Given the above, one could initialise a Coordinate type in a familiar way, using code like:

Coordinate c = new Coordinate(10, 2);

Note that if a variable of a struct type is declared without being given an explicit value, eg:

Coordinate c2 ;

it does not equate to 'null' (this being the default value for reference types, rather than value types). Instead, the variable is initialised to a state where its fields have their default values. If these fields are basic value types, they will generally be set to zero. If these fields are reference types, they will be set to 'null'.

Because of this default initialisation behaviour, it is an error for a struct to be given a parameterless constructor (eg. one like 'public Coordinate()'). Also, where a struct does have a constructor, you should be sure to make assignments to all of the struct's fields within this constructor.

Namespaces

Namespaces can be thought of as collections of classes; they provide unique identifiers for types by placing them in an hierarchical structure.

To illustrate the use of namespaces: suppose that two different C# developers come up with a class called 'bank', one relating to fiscal institutions and the other relating to riversides. In a programming environment containing both classes, there is a need to distinguish one from the other, and this is achieved by placing them within different namespaces. For example, the former class could be placed within the 'fiscal' namespace, say, becoming fiscal.bank, whereas the latter could be placed within the 'river' namespace becoming river.bank. (Note that C# does not include Java's direct link between the namespace hierarchy and the file structure hierarchy).

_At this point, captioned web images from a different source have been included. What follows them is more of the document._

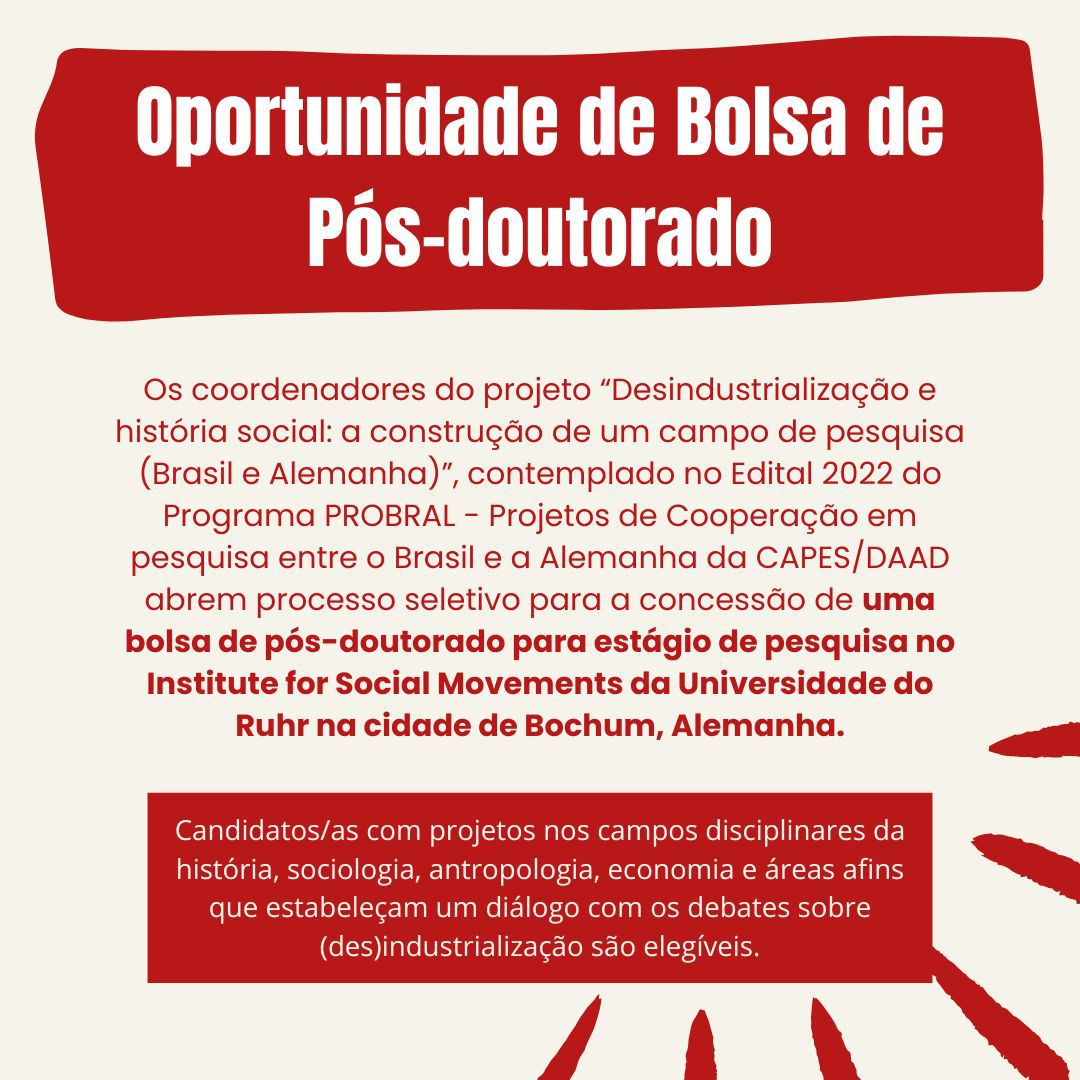 lehmt_ufrj's tweet photo. *EDITAL DE SELEÇÃO DE BOLSISTA DE PÓS-DOUTORADO*

O projeto “Desindustrialização e história social: a construção de um campo de pesquisa (Brasil e Alemanha)”,  abre seleção para a concessão de uma bolsa de pós-doutorado. 

Confira o edital em: https://t.co/WQJQrD2Q8o https://t.co/HWp6meGXcc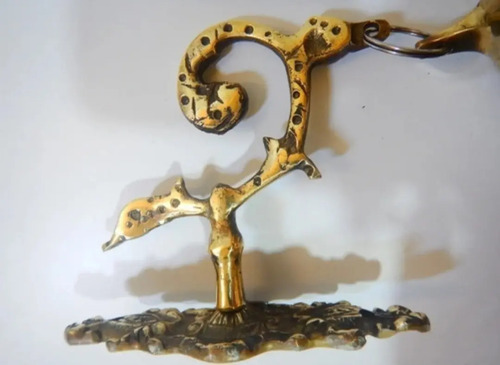 Campana Antigua En Bronce, Con Soporte - foto 4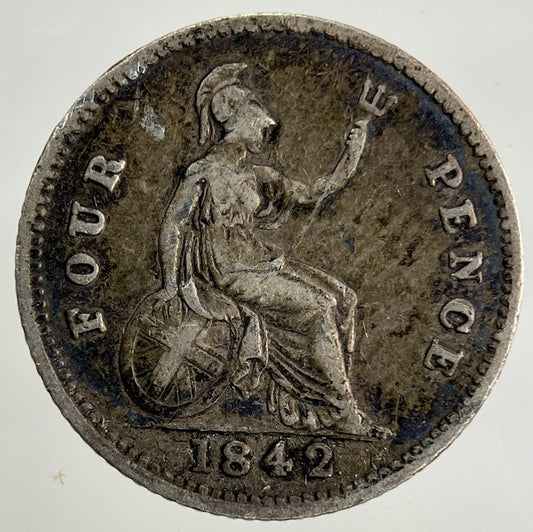 1842 Victoria Groat Four-Pence Silver Coin | Fine Collectable Grade
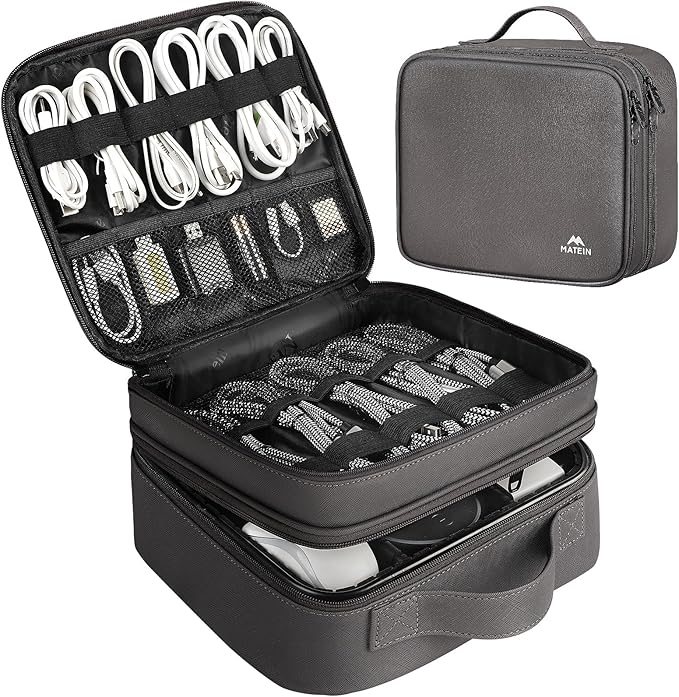 MATEIN Cord Organizer Bag with Adjustable Divider, DJ Electronic Storage | Cable File Bag, Charger Organizer Box, Double Layer, Shockproof, Tech Accessories, Cord Bag Organizer, Double Layer, Grey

Most classes depend upon the existence of other classes - for instance, they may specify contained types. It is possible in the specification always to write each class' full namespace, but these are often too long for it to be worthwhile. To take an example at random, the following is the fully qualified name of a class in the .NET framework relating to a particular type of cryptographic algorithm:

System.Security.Cryptography.AsymmetricAlgorithm

This problem is addressed by the use of the 'using' keyword, placed at the very top of the class specification. For instance, in a class specification including the phrase

using System.Security.Cryptography;

one could write refer to the above class simply using its class name

AsymmetricAlgorithm

Alternatively, one could specify an alias for the namespace, eg

using myAlias = System.Security.Cryptography;

and then refer to the class with

myAlias.AsymmetricAlgorithm

One specifies a namespace for one's own classes using the 'namespace' keyword. For instance, the following code states that the class 'Adder' is in the namespace fred.math.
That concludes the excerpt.